1. Hi, Huanwei. Glad to hear that this blog is helpful for you. What do you mean by "some genes which have only 5'UTR or 3'UTR"? (1) They just have UTR (no CDS) in the annotation; (2) They just have one of 5UTR and 3UTR, not both. For case (1), I think they should be annotated as non-coding RNA, and the "UTR" doesn't make sense since it's not translated into protein at all. We should ignore this case. For the (2) case, if only 5UTR or 3UTR exist, I think my script can report whatever it has. Did I answer your question?

2. The outputted 3utr or 5utr bed12 files do not convert fully to fasta. I use bedtools getfasta, and it exists in the middle when it encounters the following issue: Error: cannot construct subsequence with negative offset or length < 1. I do not have this problem with the cds bed12. Do you know how to fix the bed12 to allow conversation to fasta that would run through completion by either solving the issue above or omitting entries which have this issue?
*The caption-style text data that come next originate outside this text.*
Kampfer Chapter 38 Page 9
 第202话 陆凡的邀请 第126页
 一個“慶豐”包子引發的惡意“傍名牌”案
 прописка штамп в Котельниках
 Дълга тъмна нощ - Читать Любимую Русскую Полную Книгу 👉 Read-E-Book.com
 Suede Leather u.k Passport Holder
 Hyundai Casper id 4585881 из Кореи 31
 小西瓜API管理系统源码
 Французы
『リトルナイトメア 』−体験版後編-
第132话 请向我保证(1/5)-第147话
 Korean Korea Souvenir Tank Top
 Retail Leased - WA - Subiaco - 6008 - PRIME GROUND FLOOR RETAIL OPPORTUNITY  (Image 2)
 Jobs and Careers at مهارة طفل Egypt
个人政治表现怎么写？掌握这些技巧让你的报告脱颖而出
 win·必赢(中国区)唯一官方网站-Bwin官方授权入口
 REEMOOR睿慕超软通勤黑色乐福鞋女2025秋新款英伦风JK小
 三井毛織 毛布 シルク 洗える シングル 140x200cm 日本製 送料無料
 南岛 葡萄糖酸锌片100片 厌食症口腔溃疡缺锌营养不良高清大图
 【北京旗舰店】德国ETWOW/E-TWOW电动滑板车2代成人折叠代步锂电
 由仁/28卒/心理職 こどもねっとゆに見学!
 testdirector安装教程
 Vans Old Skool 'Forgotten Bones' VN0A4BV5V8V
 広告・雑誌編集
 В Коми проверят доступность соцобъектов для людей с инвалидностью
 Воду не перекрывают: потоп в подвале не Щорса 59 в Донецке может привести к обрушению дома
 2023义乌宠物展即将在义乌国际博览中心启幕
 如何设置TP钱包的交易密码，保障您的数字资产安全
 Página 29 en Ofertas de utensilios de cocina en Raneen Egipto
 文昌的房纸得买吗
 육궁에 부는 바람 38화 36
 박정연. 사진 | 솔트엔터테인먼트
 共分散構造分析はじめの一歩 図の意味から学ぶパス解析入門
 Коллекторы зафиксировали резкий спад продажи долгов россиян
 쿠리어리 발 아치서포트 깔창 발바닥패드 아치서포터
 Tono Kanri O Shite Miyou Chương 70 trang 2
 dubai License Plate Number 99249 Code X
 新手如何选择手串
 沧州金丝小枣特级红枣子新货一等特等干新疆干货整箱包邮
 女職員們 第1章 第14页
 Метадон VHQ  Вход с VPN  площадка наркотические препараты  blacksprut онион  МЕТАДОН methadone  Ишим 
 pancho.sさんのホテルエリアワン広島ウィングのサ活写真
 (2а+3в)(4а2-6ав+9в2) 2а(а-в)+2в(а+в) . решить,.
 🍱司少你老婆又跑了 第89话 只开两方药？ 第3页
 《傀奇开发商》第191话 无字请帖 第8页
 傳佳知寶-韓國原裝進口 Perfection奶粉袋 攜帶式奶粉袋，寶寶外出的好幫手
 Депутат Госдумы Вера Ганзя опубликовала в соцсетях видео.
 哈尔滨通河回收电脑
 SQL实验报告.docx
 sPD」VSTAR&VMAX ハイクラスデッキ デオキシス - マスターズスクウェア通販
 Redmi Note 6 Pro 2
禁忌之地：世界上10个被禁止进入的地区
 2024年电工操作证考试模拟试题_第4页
1. Thanks for showing interests to my code snip. Could you please send me example of your input bed12? If you have the name of the record which reproduce the error message, that's even better.

3. I found an example of where the 3' UTR script does not give the correct results. This happens when the 3' UTR starts at the exact start of the second exon ("thickEnd" equal to the end of the first exon).

BED line:

chr2 174297858 174346742 NM_201618 0 + 174298039 174300217 0 12 2359,73,45,55,120,98,55,74,180,131,68,501, 0,36353,38888,43794,43951,45341,47216,47369,47524,47790,48131,48383,

1. Hi Heather. Thanks for reporting the bug. It's fixed now.

4. Henry2:48 PM

Hello,
Thanks for sharing all these commands!
I just tried the cds extraction, and I found it probably has a problem when the stop codon in the last exon, and I got the results with the last exon missing.

Example input:
chr1 4776379 4785709 Gene 0 - 4776463 4785677 0 5 422,124,166,155,137 0,1145,6188,7571,9193

Example output:
chr1 4776463 4785677 Gene 0 - 4776463 4785677 0 4 338,124,166,155, 0,1061,6104,7487,

The correct output I think:
chr1 4776463 4785677 Gene 0.0 - 4776463 4785677 0 5 338,124,166,155,105, 0,1061,6104,7487,9109,

I am new to bioinfo, so please point me out if I am wrong. Thank you!

1. Henry2:52 PM

Well, since the gene is on '-' strand, actually it was first exon missing.